Note: Boldface indicates statistical significance (p < 0.05). Sample sizes are unweighted.

a

Comorbidities include arthritis, asthma, diabetes, emphysema, heart disease, hypertension, stroke, and high cholesterol.

b

OOP health care expenditures are in 2012 U.S. dollars.

FPL, federal poverty level; OOP, out-of-pocket.

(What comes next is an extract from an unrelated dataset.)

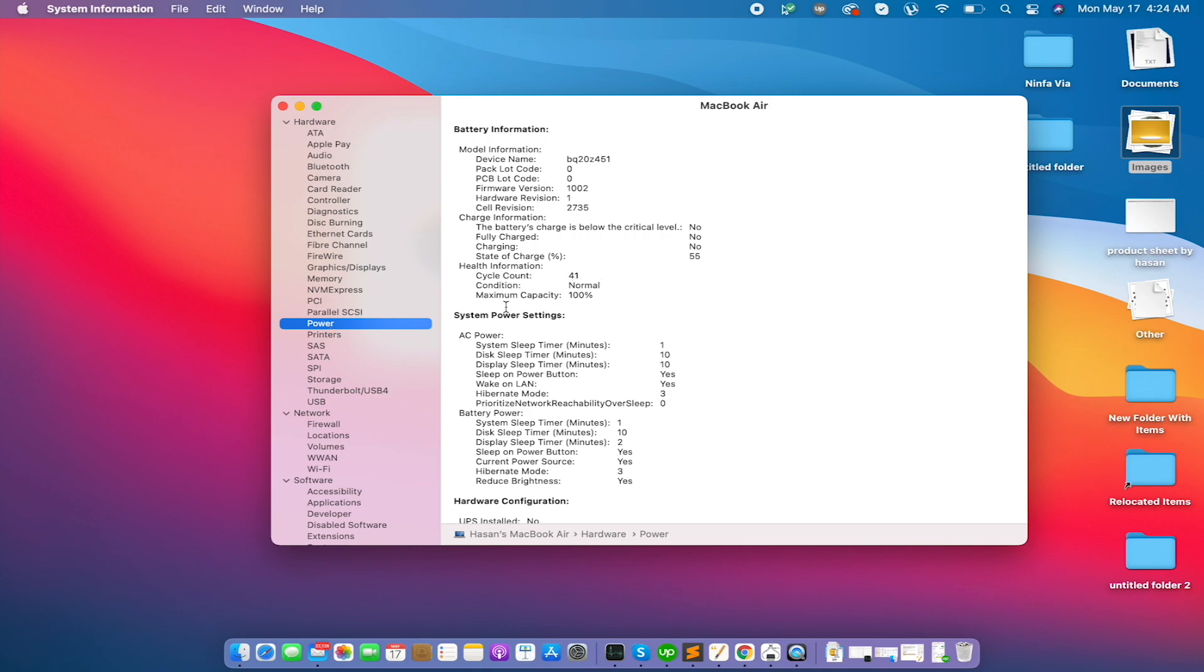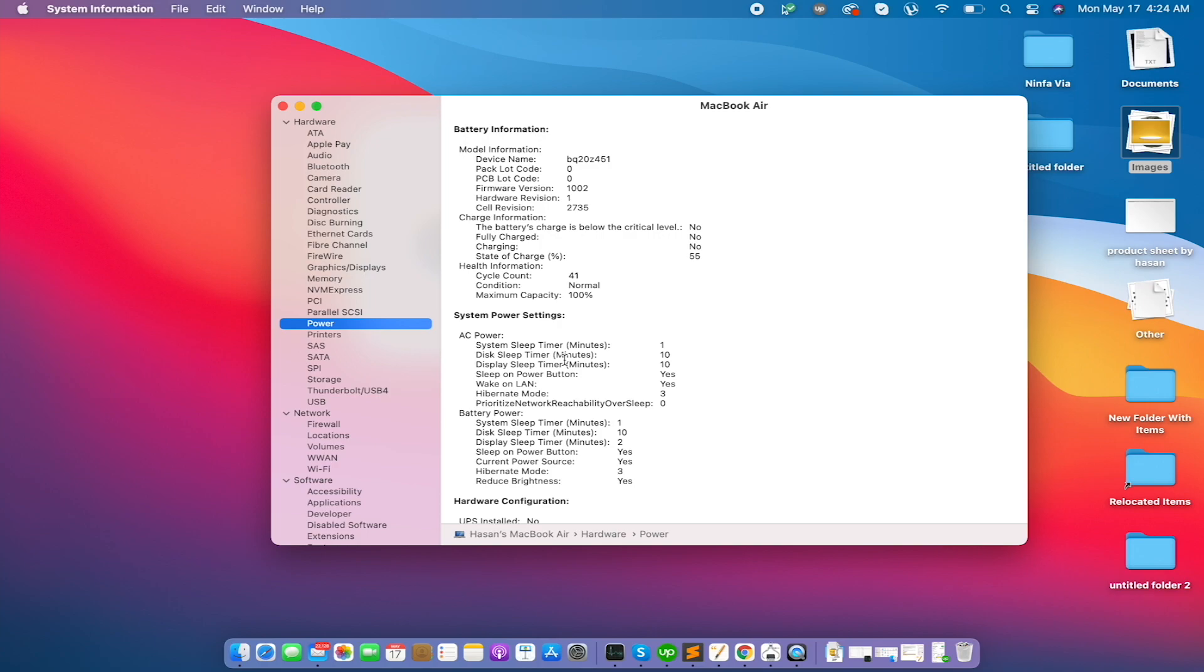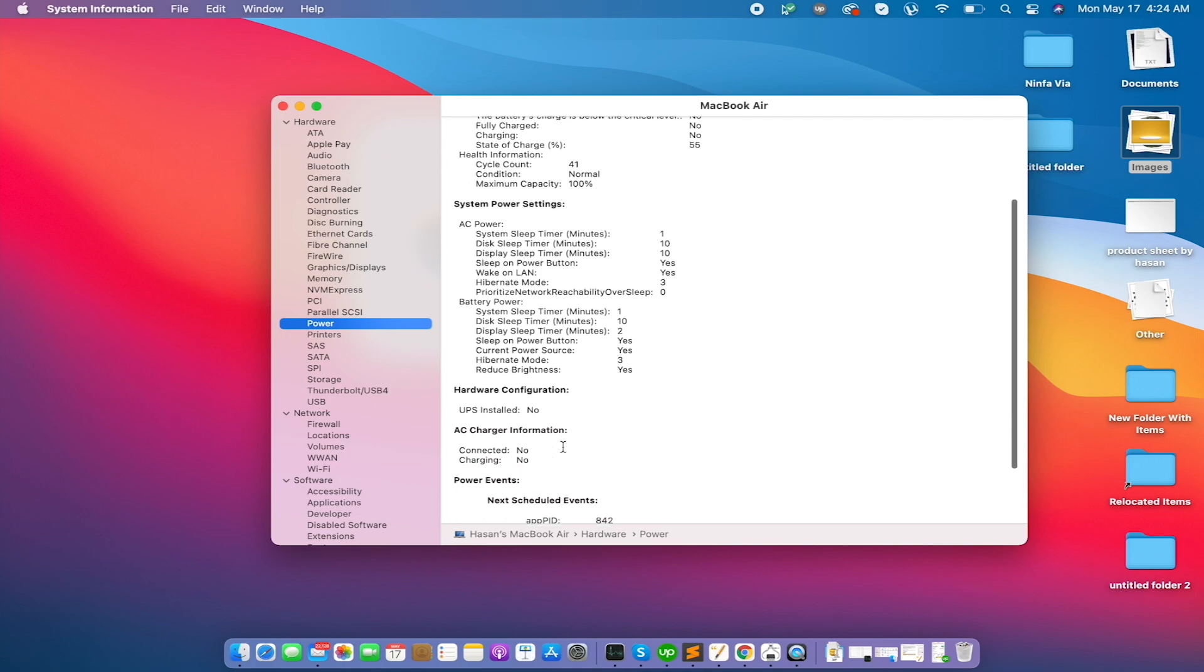This is very easy. If you are new, it will be helpful. Okay, so you can see my power cycle count is 41, condition normal, maximum capacity 100%, so it's normal right now. After a hundred thousand... not hundred thousand, one thousand cycles...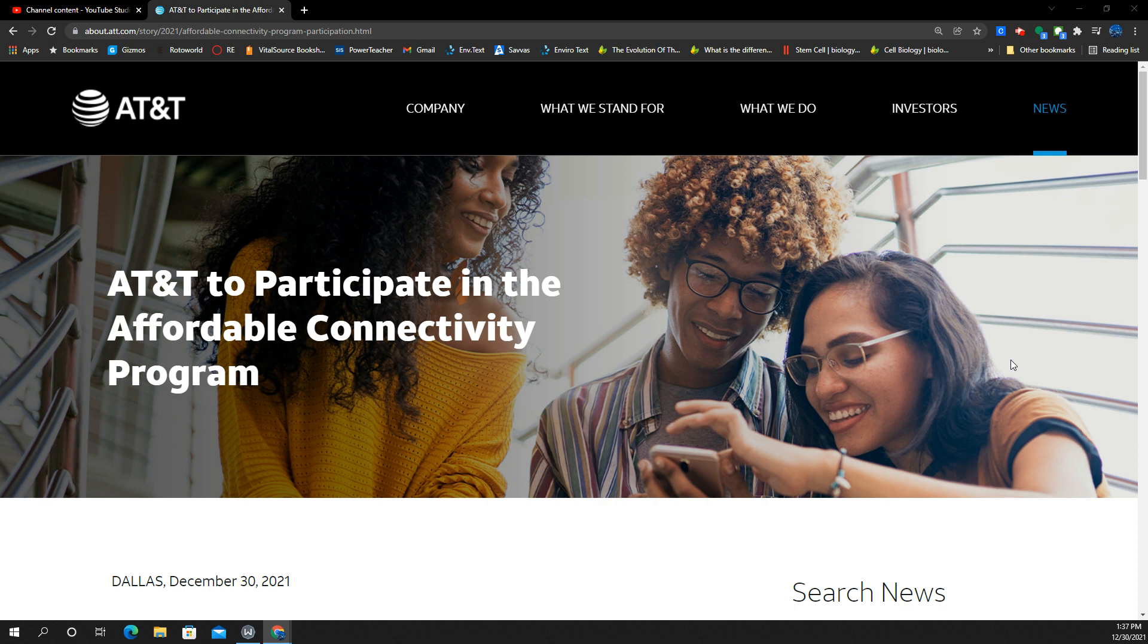Depending on those qualifications, whether you're an AT&T customer or Cricket Wireless, their prepaid brand, they are both participating in the new Federal Affordable Connectivity Program known as ACP, which provides eligible households with a benefit that ranges between $30 to $75 a month.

Cancer survivors were more likely to have a high annual OOP burden compared with those without a history of cancer. After adjusting for other covariates, 4.3% of cancer survivors had a high OOP burden compared with 3.4% of individuals without a history of cancer (p=0.009, Table 2). Among individuals aged 50–64 years, cancer survivors were more likely to report a high total OOP burden than individuals without a history of cancer (p=0.02), whereas similar rates of high OOP burden were found among those aged 18–49 years regardless of their cancer history. Near-poor and low-income along with middle- and high-income cancer survivors were more likely to have a high annual OOP burden compared with individuals in the same poverty level categories but without a history of cancer (p=0.02 and p=0.003, respectively). High OOP burden was more common among privately insured cancer survivors than among privately insured individuals without a history of cancer (p < 0.001). High OOP burden was more common among cancer survivors working full-time than among individuals without a history of cancer working full-time (p=0.02).

Table 2.

Prevalence of High OOP Burdena Among Nonelderly Cancer Survivors and Individuals Without a History of Cancer: Medical Expenditure Panel Survey, 2008–2012

Characteristics Cancer survivors,
% (95% CI)b
(n=4,271)
Individuals without a history of cancer,
% (95% CI)b
(n=96,780)
p-value
Total 4.3 (3.5–5.0) 3.4 (3.2–3.6) 0.009
Age (years)
 18–39 3.8 (2.3–5.3) 2.8 (2.6–3.0) 0.13
 40–49 3.4 (2.1–4.6) 3.2 (2.9–3.6) 0.81
 50–64 5.7c (4.4–6.9) 4.3 (3.8–4.7) 0.02
Sex
 Men 4.1 (2.9–5.3) 2.9 (2.8–3.1) 0.04
 Women 4.6 (3.8–5.5) 3.8 (3.5–4.0) 0.04
Race/ethnicity
 Non-Hispanic white 4.2 (3.3–5.0) 3.4 (3.1–3.6) 0.046
 Non-Hispanic black 5.3 (3.5–7.1) 4.0 (3.6–4.4) 0.13
 Hispanic 4.3 (2.6–5.9) 3.0 (2.7–3.4) 0.11
 Non-Hispanic other 3.8 (1.1–6.5) 3.2 (2.6–3.8) 0.60
Family income
 Poor (<100% FPL) 18.4d (15.1–21.7) 19.3 (18.2–20.3) 0.63
 Near poor and low income
(100%–200% FPL)
4.6d (3.2–6.1) 3.2 (2.7–3.6) 0.02
 Middle and high income (> 200% FPL) 1.0 (0.5–1.5) 0.5 (0.4–0.6) 0.003
Health insurance
 Any private 3.2 (2.4–4.0) 1.9 (1.7–2.1) <0.001
 Public only 7.9 (5.9–9.8) 8.5 (7.8–9.2) 0.55
 Uninsured 5.7 (4.1–7.3) 6.1 (5.6–6.6) 0.63
Employment status
 Full time 1.7 (1.1–2.2) 1.1 (1.0–1.2) 0.02
 Part time 4.2 (2.5–6.0) 3.1 (2.8–3.5) 0.19
 Not working 10.2e (8.4–12.1) 10.5 (9.8–11.2) 0.77

Note: Boldface indicates statistical significance (p < 0.05).

a

High OOP burden was defined as having annual out-of-pocket expenditures on healthcare services in excess of 20% of annual family income.

b

Predicted marginals from a logistic regression model controlling for age, sex, race/ethnicity, marital status, education, and number of comorbidities.

c

High OOP burden was higher among cancer survivors age 50–64 years than among cancer survivors age 18–39 years (p < 0.05).

d

High OOP burden was higher among poor and near poor and low-income cancer survivors than among middle and high-income cancer survivors (p < 0.05).

e

High OOP burden was higher among not working cancer survivors than among cancer survivors working full time and part time (p < 0.05).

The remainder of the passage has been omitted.